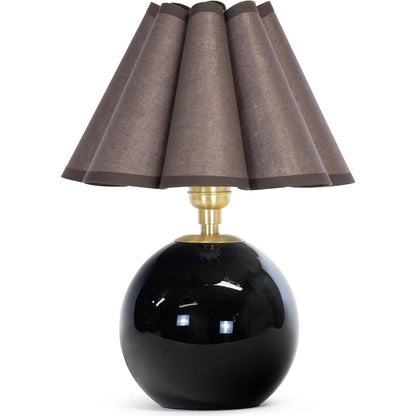 Giorgio Pleated Black Glass Mini Lamp by Regina Andrew in black and black. Made from glass in a unique style.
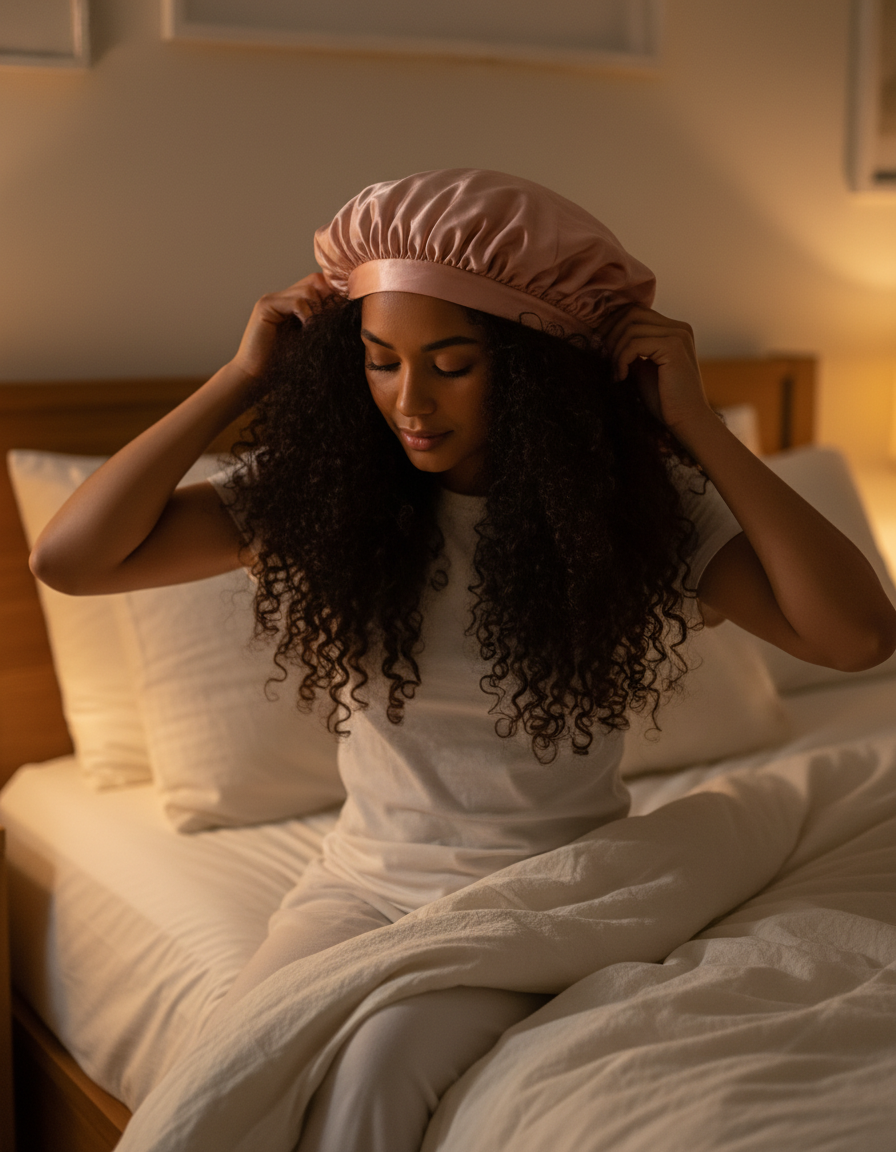 Woman with curly hair putting on a blush satin head cap before bed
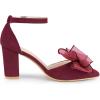 imageAllegra K Womens Bow Heels Closed Toe Chunky Heel Pumps SandalsBurgundy
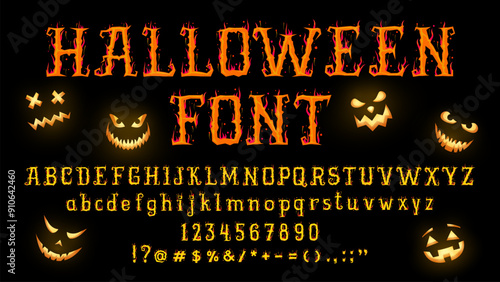 Halloween font, witch type, scary typeface, spooky Helloween alphabet with horror pumpkin monster characters. Halloween hellfire flame font vector typography, fire letters, numbers and flaming symbols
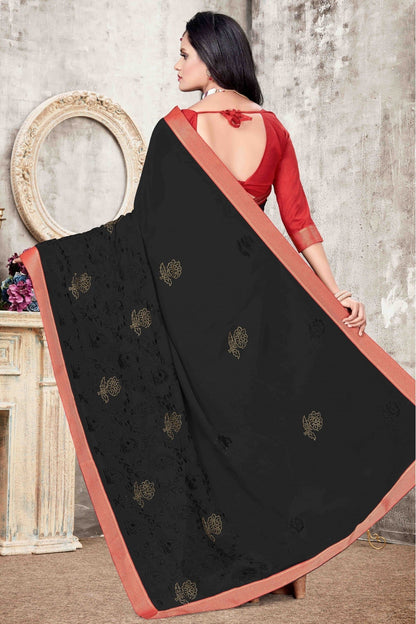 Black Colour Georgette Designer Saree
----------
### Required action:
Would you please output each record exactly, leaving the images out?

### Result for this task:
 Giorgio Pleated Black Glass Mini Lamp by Regina Andrew in black and black. Made from glass in a unique style.
 Woman with curly hair putting on a blush satin head cap before bed
 imageAllegra K Womens Bow Heels Closed Toe Chunky Heel Pumps SandalsBurgundy
 Halloween font, witch type, scary typeface, spooky Helloween alphabet with horror pumpkin monster characters. Halloween hellfire flame font vector typography, fire letters, numbers and flaming symbols
 Black Colour Georgette Designer Saree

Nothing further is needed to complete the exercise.